Repeat exactly the lines from the start of the material below up to and including the "Black and White Gingham" line.

↓

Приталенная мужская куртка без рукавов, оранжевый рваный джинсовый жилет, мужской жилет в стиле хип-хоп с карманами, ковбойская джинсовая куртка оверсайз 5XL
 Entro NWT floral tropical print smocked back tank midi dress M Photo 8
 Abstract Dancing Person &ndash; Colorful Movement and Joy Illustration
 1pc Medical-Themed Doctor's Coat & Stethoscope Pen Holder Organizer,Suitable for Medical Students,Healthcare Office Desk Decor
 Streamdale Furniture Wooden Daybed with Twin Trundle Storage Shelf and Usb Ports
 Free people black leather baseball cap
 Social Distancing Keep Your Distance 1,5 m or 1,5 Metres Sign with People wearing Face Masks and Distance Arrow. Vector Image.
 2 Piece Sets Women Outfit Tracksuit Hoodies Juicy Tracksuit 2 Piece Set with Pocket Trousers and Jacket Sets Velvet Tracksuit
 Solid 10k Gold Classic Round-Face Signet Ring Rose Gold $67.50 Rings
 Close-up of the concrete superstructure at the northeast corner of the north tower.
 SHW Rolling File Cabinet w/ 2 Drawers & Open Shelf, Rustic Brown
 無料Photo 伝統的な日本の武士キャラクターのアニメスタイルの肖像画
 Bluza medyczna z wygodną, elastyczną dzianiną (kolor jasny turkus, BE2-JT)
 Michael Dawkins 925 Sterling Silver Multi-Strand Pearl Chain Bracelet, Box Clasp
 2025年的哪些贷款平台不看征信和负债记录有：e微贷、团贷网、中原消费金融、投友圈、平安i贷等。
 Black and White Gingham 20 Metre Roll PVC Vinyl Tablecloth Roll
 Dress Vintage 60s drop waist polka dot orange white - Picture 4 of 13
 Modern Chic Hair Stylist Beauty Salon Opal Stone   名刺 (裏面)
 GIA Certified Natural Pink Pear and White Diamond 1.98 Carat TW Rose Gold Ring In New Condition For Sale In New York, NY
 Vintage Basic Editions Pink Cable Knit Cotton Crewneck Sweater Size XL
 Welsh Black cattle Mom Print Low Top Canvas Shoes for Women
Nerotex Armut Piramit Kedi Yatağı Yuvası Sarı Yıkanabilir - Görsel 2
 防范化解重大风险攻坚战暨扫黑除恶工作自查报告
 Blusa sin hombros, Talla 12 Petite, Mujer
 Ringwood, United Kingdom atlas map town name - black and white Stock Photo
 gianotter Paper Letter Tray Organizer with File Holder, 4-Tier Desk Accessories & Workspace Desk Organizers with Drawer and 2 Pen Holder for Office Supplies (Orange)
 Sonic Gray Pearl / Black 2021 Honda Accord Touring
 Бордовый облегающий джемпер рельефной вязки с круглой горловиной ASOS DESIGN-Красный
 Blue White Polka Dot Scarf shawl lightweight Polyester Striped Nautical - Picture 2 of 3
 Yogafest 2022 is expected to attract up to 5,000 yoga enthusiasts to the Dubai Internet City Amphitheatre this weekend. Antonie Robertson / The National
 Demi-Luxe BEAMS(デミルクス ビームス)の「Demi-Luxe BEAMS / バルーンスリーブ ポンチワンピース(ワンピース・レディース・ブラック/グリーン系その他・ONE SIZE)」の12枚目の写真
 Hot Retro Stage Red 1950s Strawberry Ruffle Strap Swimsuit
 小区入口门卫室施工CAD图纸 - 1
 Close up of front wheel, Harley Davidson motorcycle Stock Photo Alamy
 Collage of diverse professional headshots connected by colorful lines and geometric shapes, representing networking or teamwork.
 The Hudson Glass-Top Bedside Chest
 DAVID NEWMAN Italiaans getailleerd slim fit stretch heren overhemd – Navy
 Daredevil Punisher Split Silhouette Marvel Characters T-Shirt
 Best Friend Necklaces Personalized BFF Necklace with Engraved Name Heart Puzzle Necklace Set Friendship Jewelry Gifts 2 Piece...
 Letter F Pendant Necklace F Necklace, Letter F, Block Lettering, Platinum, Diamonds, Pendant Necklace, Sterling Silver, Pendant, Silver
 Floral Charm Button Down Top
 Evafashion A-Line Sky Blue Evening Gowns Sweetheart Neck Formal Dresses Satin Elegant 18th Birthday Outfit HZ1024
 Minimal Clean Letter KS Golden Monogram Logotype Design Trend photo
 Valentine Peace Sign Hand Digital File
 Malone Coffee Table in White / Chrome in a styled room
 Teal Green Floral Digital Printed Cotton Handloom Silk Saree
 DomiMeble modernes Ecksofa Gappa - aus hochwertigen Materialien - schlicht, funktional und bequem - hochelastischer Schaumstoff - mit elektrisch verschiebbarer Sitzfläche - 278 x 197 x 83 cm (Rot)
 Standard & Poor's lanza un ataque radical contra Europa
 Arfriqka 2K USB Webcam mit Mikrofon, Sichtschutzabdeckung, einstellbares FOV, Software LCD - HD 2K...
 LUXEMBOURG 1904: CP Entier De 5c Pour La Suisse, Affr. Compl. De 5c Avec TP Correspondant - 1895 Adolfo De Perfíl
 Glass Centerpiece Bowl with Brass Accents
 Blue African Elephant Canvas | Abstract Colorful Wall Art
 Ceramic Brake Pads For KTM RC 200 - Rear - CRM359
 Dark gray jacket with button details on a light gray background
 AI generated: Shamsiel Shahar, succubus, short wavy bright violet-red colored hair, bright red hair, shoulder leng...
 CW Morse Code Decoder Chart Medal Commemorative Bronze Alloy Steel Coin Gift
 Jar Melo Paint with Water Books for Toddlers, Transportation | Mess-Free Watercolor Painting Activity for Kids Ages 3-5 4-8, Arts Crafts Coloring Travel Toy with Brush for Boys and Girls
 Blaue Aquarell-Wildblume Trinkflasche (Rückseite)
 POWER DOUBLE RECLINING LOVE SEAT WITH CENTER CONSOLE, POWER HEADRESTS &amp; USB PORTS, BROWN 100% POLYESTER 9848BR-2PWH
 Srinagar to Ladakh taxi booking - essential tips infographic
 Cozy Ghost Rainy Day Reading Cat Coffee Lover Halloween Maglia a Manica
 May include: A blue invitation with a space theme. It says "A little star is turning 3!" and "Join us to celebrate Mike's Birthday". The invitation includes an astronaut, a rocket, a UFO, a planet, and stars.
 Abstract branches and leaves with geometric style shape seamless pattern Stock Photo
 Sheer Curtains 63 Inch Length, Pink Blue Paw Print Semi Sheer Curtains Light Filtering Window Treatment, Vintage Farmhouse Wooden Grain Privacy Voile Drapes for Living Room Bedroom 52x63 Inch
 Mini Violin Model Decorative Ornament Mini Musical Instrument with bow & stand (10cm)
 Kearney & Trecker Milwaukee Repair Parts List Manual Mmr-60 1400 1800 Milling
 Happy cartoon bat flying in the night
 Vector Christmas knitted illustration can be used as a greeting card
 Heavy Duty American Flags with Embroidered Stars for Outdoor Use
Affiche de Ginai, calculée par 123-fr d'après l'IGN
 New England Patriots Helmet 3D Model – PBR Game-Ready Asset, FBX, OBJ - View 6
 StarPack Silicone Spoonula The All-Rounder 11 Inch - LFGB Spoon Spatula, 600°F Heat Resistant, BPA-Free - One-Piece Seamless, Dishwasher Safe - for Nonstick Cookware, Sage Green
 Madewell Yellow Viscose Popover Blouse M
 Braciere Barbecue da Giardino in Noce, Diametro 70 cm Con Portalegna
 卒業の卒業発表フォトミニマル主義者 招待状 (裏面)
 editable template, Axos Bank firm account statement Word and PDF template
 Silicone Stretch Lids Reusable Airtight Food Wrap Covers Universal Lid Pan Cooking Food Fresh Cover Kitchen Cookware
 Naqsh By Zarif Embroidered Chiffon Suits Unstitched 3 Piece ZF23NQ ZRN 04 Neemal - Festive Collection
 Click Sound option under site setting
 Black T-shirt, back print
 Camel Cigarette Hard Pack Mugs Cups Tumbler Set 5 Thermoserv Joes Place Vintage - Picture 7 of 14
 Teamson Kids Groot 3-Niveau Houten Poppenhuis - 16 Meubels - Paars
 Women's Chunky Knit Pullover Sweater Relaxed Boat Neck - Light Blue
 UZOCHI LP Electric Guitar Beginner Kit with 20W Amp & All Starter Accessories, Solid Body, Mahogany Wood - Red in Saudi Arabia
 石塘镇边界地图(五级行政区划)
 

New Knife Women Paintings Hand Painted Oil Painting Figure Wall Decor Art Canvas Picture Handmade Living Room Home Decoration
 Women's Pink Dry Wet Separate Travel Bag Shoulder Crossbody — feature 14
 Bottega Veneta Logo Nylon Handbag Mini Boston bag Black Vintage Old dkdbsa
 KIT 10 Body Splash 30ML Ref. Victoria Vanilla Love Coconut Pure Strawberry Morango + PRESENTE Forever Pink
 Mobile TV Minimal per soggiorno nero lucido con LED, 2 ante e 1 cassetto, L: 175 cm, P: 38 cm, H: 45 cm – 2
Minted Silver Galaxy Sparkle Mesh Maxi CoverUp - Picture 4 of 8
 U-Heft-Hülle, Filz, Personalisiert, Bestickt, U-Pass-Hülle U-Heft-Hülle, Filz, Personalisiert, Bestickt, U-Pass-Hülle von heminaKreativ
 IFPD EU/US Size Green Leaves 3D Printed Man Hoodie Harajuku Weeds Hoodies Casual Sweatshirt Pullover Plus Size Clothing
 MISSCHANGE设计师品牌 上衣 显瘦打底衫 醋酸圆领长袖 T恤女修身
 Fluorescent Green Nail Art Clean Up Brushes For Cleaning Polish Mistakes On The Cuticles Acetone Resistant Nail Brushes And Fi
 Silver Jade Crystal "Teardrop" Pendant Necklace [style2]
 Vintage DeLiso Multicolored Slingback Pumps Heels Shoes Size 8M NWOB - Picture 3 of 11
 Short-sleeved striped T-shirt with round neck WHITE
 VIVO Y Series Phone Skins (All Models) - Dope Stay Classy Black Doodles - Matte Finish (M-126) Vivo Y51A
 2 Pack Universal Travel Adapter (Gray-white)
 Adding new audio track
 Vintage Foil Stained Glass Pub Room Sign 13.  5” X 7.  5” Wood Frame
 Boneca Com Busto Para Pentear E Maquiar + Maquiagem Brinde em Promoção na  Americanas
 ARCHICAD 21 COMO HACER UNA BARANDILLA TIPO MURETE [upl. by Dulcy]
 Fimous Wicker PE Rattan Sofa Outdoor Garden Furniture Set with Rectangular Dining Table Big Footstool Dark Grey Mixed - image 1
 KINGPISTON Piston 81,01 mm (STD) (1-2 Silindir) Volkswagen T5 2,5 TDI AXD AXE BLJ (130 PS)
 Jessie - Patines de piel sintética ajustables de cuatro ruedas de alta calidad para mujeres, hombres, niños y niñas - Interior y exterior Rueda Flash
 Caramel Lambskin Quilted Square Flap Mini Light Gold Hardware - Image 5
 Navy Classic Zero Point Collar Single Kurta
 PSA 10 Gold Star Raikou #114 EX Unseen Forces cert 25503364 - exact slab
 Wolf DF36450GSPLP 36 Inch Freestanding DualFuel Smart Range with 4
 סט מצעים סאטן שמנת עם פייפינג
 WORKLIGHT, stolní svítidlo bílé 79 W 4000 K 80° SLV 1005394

↑

TASK RESPONSE:
Приталенная мужская куртка без рукавов, оранжевый рваный джинсовый жилет, мужской жилет в стиле хип-хоп с карманами, ковбойская джинсовая куртка оверсайз 5XL
 Entro NWT floral tropical print smocked back tank midi dress M Photo 8
 Abstract Dancing Person &ndash; Colorful Movement and Joy Illustration
 1pc Medical-Themed Doctor's Coat & Stethoscope Pen Holder Organizer,Suitable for Medical Students,Healthcare Office Desk Decor
 Streamdale Furniture Wooden Daybed with Twin Trundle Storage Shelf and Usb Ports
 Free people black leather baseball cap
 Social Distancing Keep Your Distance 1,5 m or 1,5 Metres Sign with People wearing Face Masks and Distance Arrow. Vector Image.
 2 Piece Sets Women Outfit Tracksuit Hoodies Juicy Tracksuit 2 Piece Set with Pocket Trousers and Jacket Sets Velvet Tracksuit
 Solid 10k Gold Classic Round-Face Signet Ring Rose Gold $67.50 Rings
 Close-up of the concrete superstructure at the northeast corner of the north tower.
 SHW Rolling File Cabinet w/ 2 Drawers & Open Shelf, Rustic Brown
 無料Photo 伝統的な日本の武士キャラクターのアニメスタイルの肖像画
 Bluza medyczna z wygodną, elastyczną dzianiną (kolor jasny turkus, BE2-JT)
 Michael Dawkins 925 Sterling Silver Multi-Strand Pearl Chain Bracelet, Box Clasp
 2025年的哪些贷款平台不看征信和负债记录有：e微贷、团贷网、中原消费金融、投友圈、平安i贷等。
 Black and White Gingham 20 Metre Roll PVC Vinyl Tablecloth Roll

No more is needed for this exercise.